### [To do]
Within the listing that follows, reproduce exactly the lines starting at the line with "There are over" and ending at the line with "This is a combination", inclusive, and only those. Pictures are dropped.

### [Extracted information]
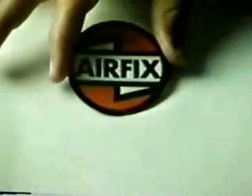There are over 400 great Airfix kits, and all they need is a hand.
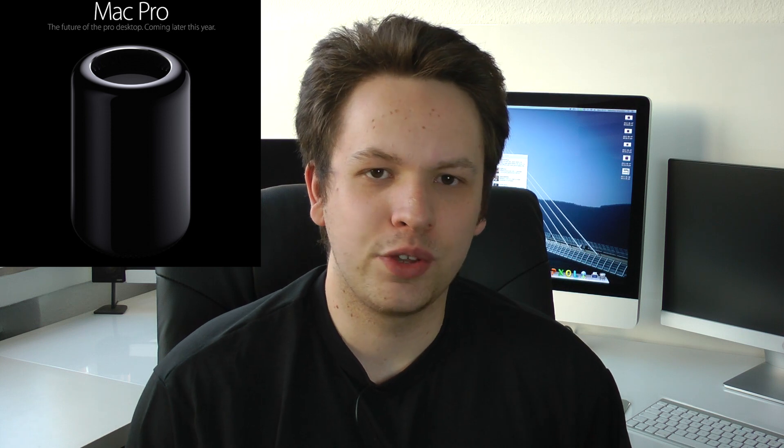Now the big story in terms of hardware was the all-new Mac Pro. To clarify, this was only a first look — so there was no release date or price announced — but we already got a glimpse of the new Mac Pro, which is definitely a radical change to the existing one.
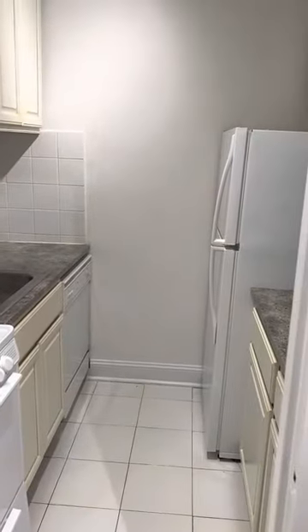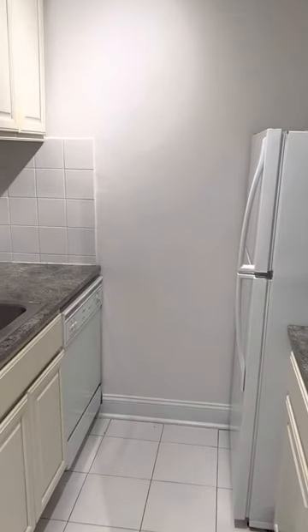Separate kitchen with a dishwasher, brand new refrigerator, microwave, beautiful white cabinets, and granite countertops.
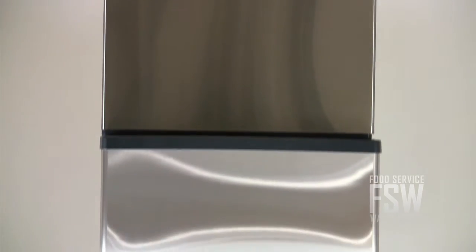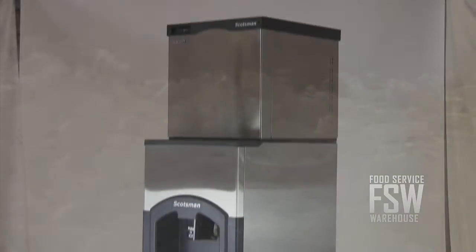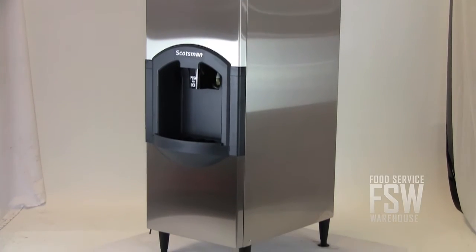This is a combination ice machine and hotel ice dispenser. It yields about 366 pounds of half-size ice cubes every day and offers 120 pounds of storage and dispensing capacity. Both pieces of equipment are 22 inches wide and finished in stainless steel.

...

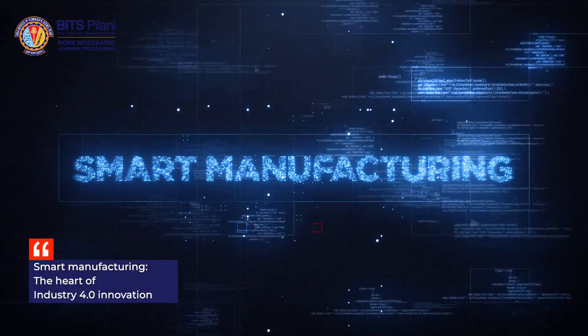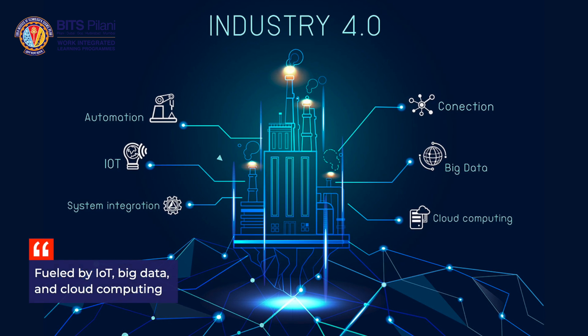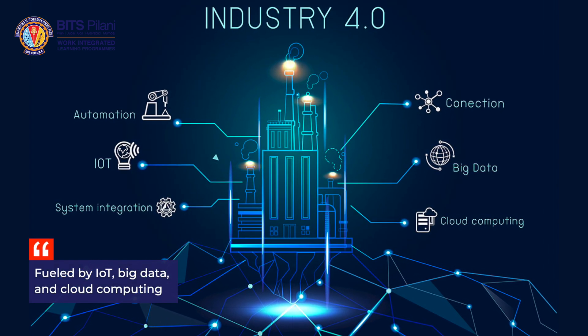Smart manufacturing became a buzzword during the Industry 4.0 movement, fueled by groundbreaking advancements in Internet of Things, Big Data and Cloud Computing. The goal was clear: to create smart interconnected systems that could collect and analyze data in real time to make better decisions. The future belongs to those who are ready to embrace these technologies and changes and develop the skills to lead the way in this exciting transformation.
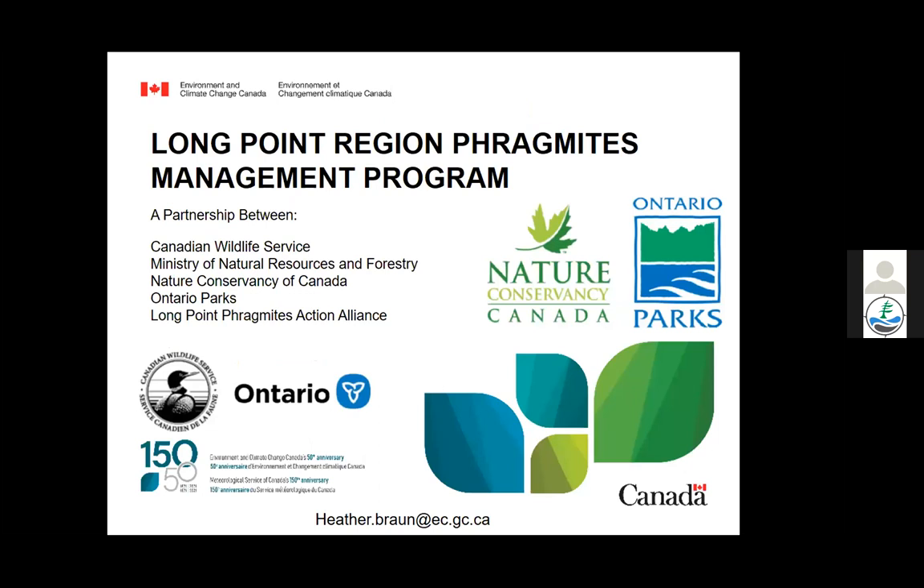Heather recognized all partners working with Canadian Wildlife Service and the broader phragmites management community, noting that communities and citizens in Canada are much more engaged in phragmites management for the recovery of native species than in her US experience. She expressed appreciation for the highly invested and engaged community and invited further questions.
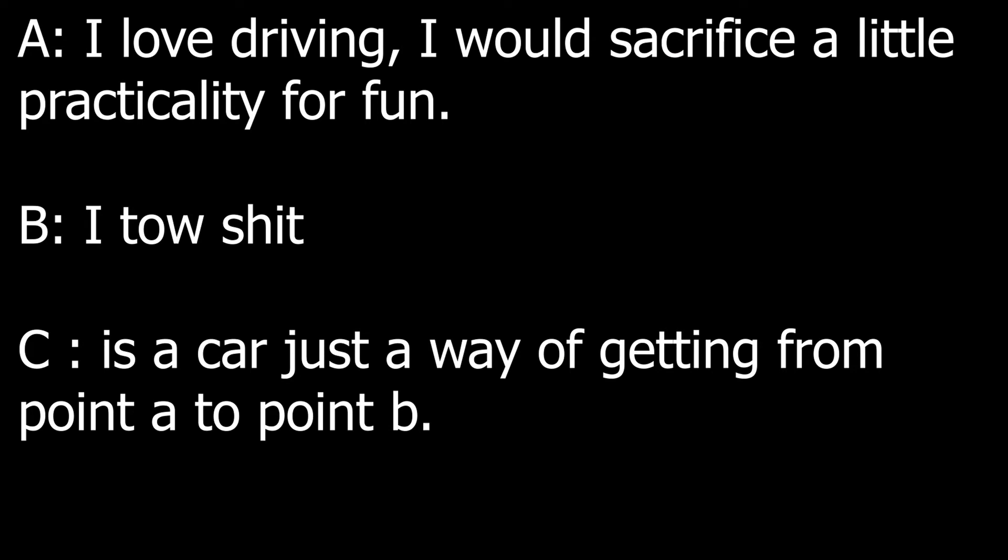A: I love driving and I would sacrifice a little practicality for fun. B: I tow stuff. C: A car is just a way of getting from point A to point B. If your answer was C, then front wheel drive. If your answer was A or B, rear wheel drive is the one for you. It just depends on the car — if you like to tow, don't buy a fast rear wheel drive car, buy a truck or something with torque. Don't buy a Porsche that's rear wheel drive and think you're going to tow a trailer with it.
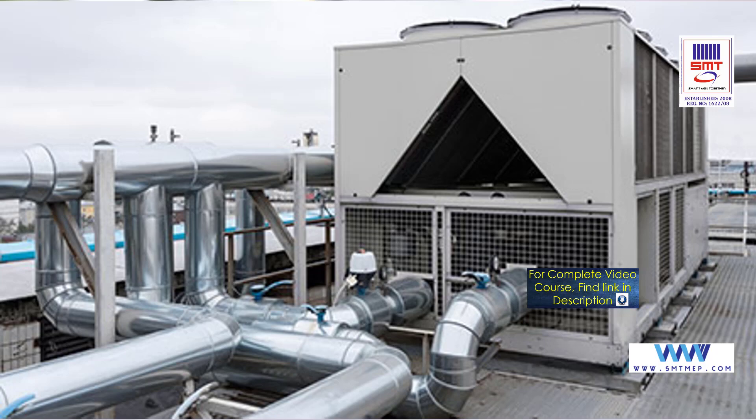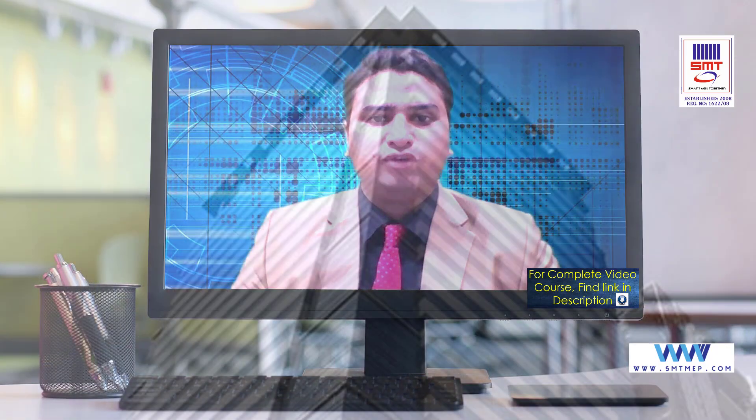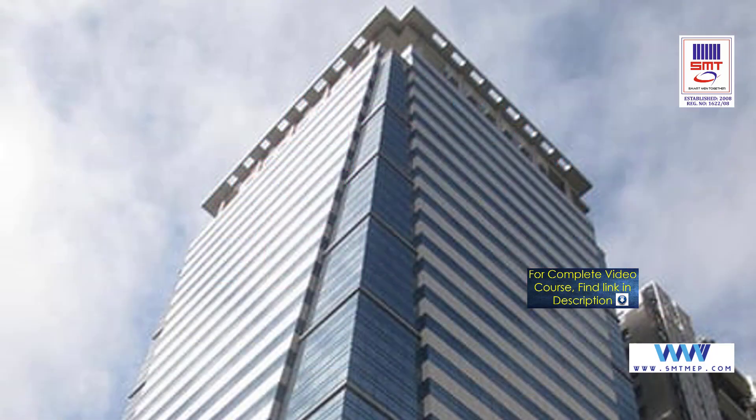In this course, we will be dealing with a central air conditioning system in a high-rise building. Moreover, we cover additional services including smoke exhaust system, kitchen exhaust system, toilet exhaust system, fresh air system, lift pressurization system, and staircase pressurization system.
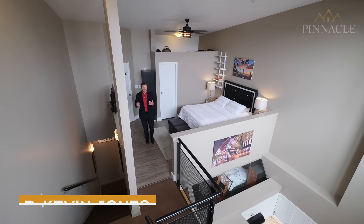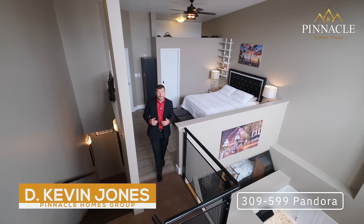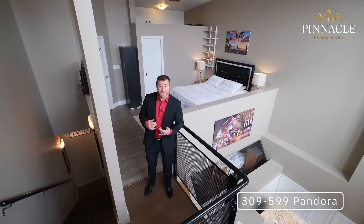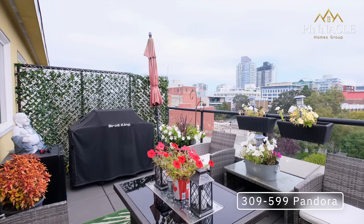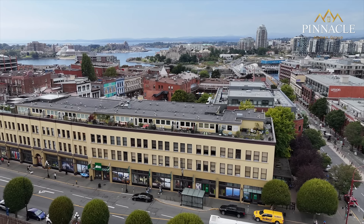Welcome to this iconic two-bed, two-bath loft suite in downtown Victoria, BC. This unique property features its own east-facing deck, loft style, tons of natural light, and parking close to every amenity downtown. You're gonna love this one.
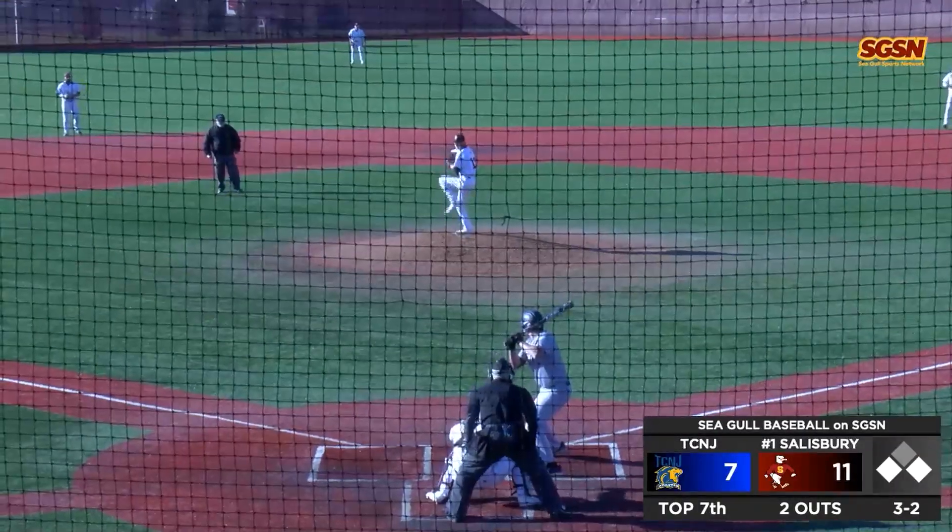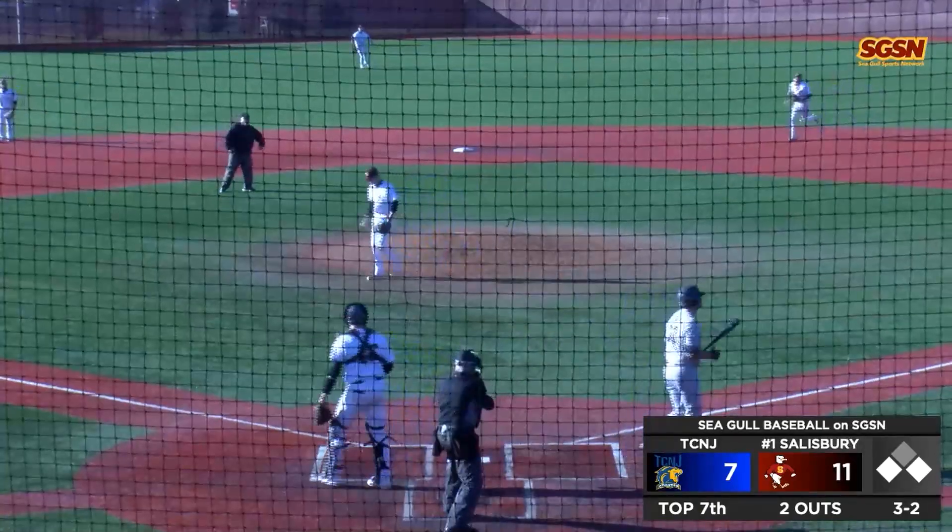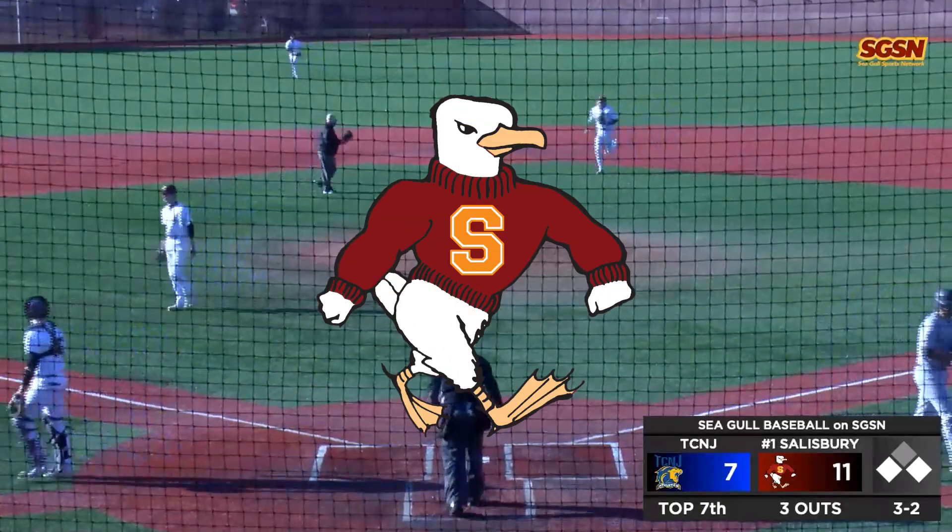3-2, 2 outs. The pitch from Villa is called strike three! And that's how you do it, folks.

...

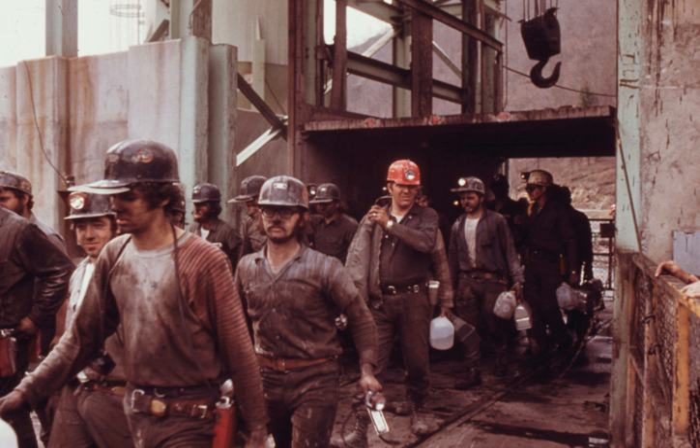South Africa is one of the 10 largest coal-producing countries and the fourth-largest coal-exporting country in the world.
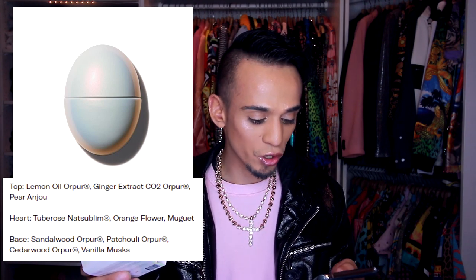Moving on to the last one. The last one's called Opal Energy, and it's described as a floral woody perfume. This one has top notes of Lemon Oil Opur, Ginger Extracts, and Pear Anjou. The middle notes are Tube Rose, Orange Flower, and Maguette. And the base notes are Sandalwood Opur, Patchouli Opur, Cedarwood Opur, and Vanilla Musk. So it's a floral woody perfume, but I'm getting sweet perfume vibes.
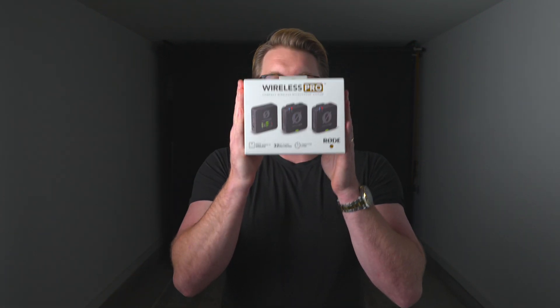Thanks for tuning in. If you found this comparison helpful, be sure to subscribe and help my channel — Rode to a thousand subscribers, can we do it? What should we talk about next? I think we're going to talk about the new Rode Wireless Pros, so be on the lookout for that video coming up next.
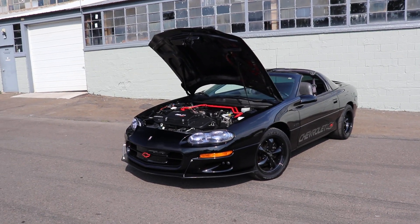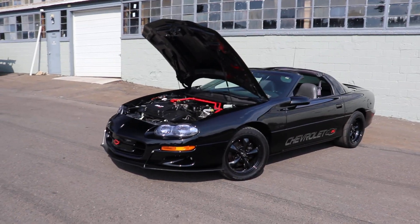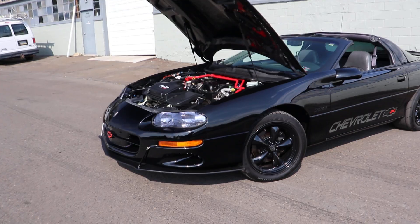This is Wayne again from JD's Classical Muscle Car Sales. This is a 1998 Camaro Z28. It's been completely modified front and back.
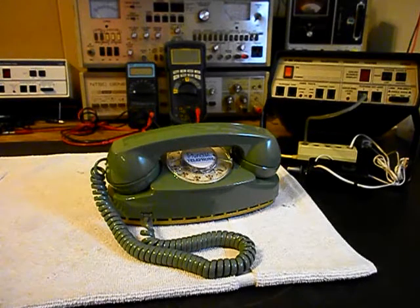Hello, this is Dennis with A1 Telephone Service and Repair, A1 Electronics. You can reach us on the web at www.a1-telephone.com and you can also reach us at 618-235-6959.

### [Task solution]
There are over 400 great Airfix kits, and all they need is a hand.
Now the big story in terms of hardware was the all-new Mac Pro. To clarify, this was only a first look — so there was no release date or price announced — but we already got a glimpse of the new Mac Pro, which is definitely a radical change to the existing one.
Separate kitchen with a dishwasher, brand new refrigerator, microwave, beautiful white cabinets, and granite countertops.
This is a combination ice machine and hotel ice dispenser. It yields about 366 pounds of half-size ice cubes every day and offers 120 pounds of storage and dispensing capacity. Both pieces of equipment are 22 inches wide and finished in stainless steel.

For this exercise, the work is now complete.